22 F. Cas. 704 | U.S. Circuit Court for the District of Iowa | 1877
In respect to the second special defence to the action, I am of opinion that the statute of Westm. II. (13 Edw. I. c. 34), upon which that defence is based, and which is: “If a wife willingly leave her husband, and go away, and continue with the adulterer, she shall be barred forever of action to demand her dower ihat she ought to have of her husband’s lands, if she be convict thereupon, except that her husband. willingly, and without coercion of the church, reconcile her, and suffer her to dwell with him; in which case she shall be restored to her action” — never having been expressly adopted in Iowa, is not in force therein, nor is it part of the law of the state. The ground of this conclusion is that its provisions are inconsistent with the legislation of the state on the subject of dower, or the widow’s right in the estate of her husband, and the mode in which such right may be barred or relinquished, and with the statutory provisions in respect to divorce on the ground of adultery. The reasons which support this conclusion, under similar legislation, are so forcibly stated by the supreme judicial court of Massachusetts, in Lakin v. Lakin, 2 Allen, 45, that I content myself with a reference to that case, and to Bryan v. Batcheller, 6 R. I. 543, and Lecompte v. Wash, 9 Mo. 551, Without here setting forth the arguments upon which they • rest. This conclusion concedes that the fee simple provision for the widow made by the act of 1802, which is a substitute for dower, is governed by the same principles as to forfeiture that apply to the right or estate in dower; but the point need not be decided, for the concession is the view most favorable to the defendants. Under the act of 1802, the rights of husband and wife in the estate of the other are reciprocal and the same; and it would hardly be contended that the statute of Westminster would apply to deprive the husband, who had committed adultery, of his right to one-third of the estate of his wife.

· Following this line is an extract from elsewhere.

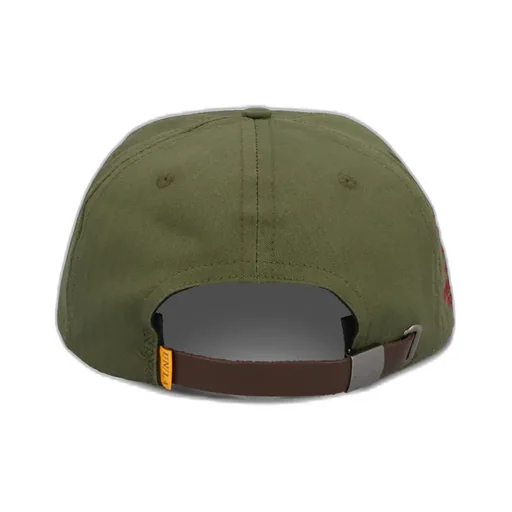 Cinema Cap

As respects the third special defence, I am of opinion that the verbal transaction therein set forth does not amount to a relinquishment, or legal bar, to dower or the widow’s right; and, in view of the allegation that there had been a valid divorce, which, of itself, would be a bar to dower, and the prospective nature of the alleged release, this transaction is not' of such a nature, whatever might be its effect in equity, as to amount to a bar to this suit. See McKee v. Reynolds, 26 Iowa, 578, and cases cited. Both pleas are insufficient. Demurrer sustained.